Il est aussi tenu compte du préjudice causé par la divulgation de l’information secrète. Au-delà du seul préjudice causé à l’employeur, c’est l’ensemble des effets dommageables que la divulgation litigieuse est susceptible d’entraîner qu’il convient de prendre en compte pour statuer sur le caractère proportionné de l’ingérence dans le droit à la liberté d’expression des lanceurs d’alerte protégés par l’article 10 de la Convention et, pour finir, la nature et la lourdeur des peines infligées constituent des éléments à prendre en compte lorsqu’il s’agit de mesurer la proportionnalité d’une atteinte au droit à la liberté d’expression.

En l’espèce, la Cour estime que les informations litigieuses n’étaient pas seulement de nature à « interpeller ou scandaliser » comme le retint la Cour d’appel, mais apportaient bien un éclairage nouveau, dont il convient de ne pas minorer l’importance dans le contexte d’un débat sur « l’évitement fiscal, la défiscalisation et l’évasion fiscale », en fournissant des renseignements à la fois sur le montant des bénéfices déclarés par les multinationales concernées, sur les choix politiques opérés au Luxembourg en matière de fiscalité des entreprises, ainsi que sur leurs incidences en termes d’équité et de justice fiscale, à l’échelle européenne et en particulier en France.

La Cour estime en outre que le poids de l’intérêt public attaché à la divulgation litigieuse ne peut être évalué indépendamment de la place qu’occupent désormais les multinationales de dimension mondiale tant sur le plan économique que social.

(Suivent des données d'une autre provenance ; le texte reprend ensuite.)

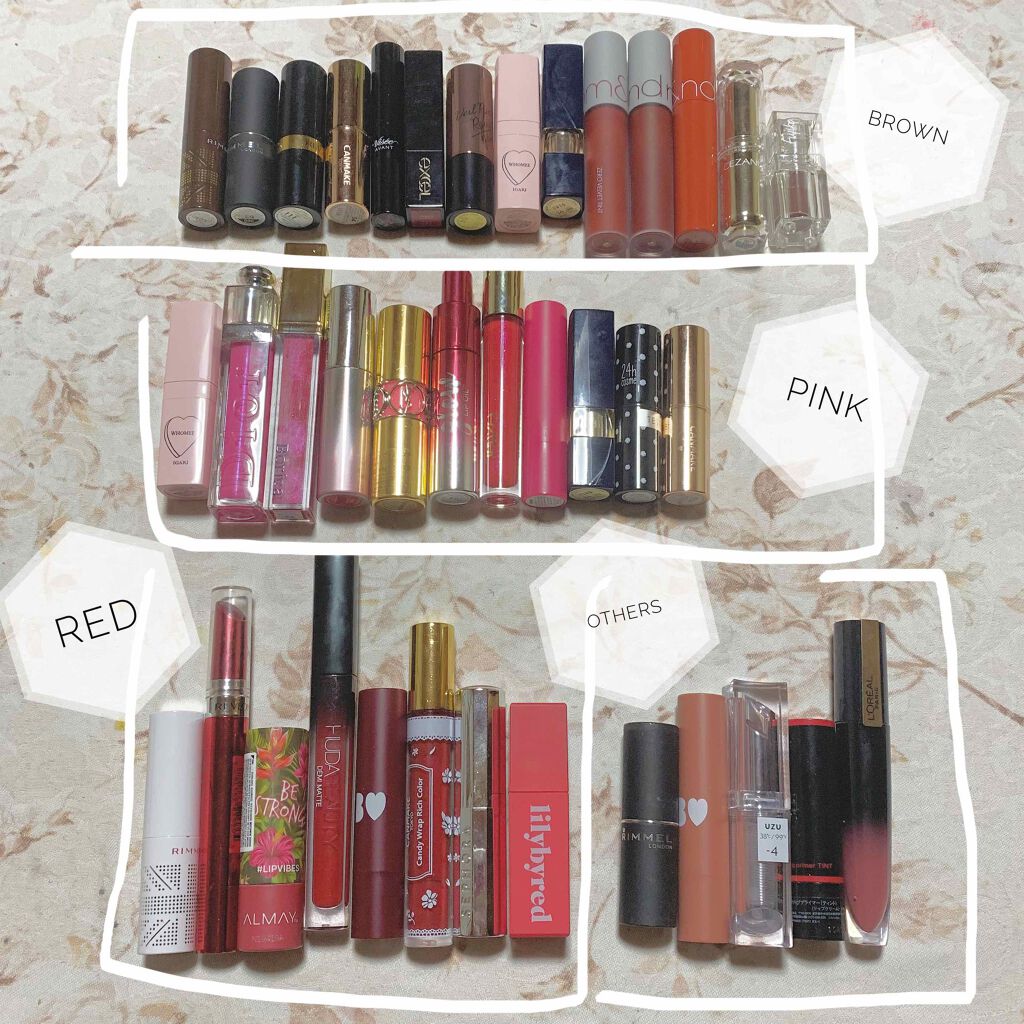 フーミー リップスティック/WHOMEE/口紅を使ったクチコミ（2枚目）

Le rôle des recettes fiscales sur l’économie et les budgets des États et les enjeux considérables pour les gouvernements des stratégies fiscales telles que le transfert de bénéfices, auxquelles peuvent recourir certaines multinationales, doivent également être pris en considération. La Cour en déduit que les informations relatives aux pratiques fiscales des multinationales telles que celles dont les déclarations ont été rendues publiques par le requérant permettaient indéniablement de nourrir le débat en cours sur l’évasion fiscale, la transparence, l’équité et la justice fiscale. Il ne fait aucun doute qu’il s’agit là d’informations dont la divulgation présente un intérêt public pour l’opinion – aussi bien au Luxembourg, dont la politique fiscale était directement en cause, qu’en Europe et dans les autres États dont les recettes fiscales pouvaient se trouver affectées par les pratiques révélées.

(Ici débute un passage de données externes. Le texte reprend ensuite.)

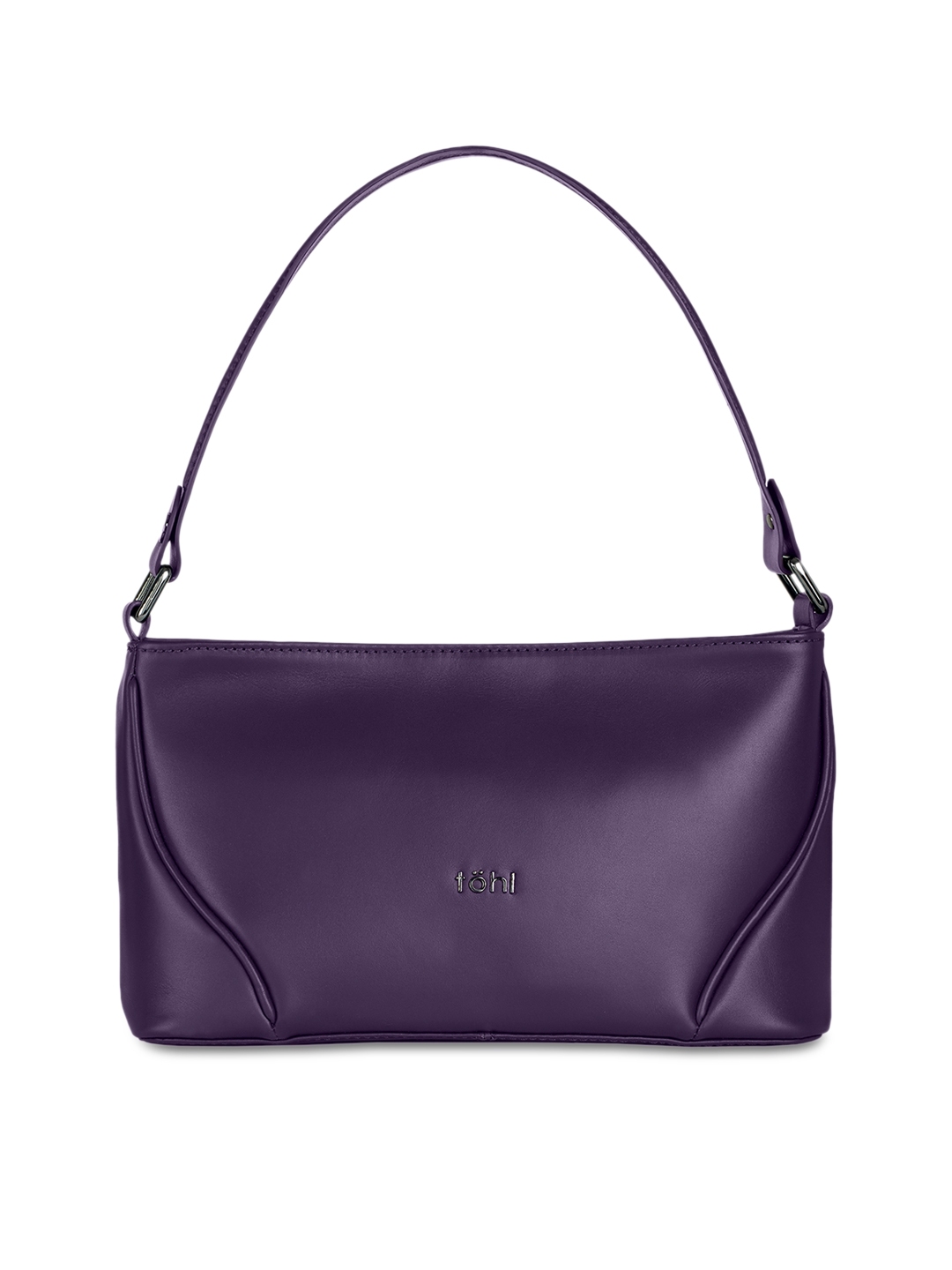 Buy Tohl Purple Solid Shoulder Bag Handbags for Women 2350680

En conclusion, la Cour, après avoir pesé les différents intérêts ici en jeu et pris en compte la nature, la gravité et l’effet dissuasif de la condamnation pénale infligée au requérant, conclut que l’ingérence dans le droit à la liberté d’expression de ce dernier, en particulier de son droit de communiquer des informations, n’était pas « nécessaire dans une société démocratique ».

Partant, il y a eu violation de l’article 10 de la Convention.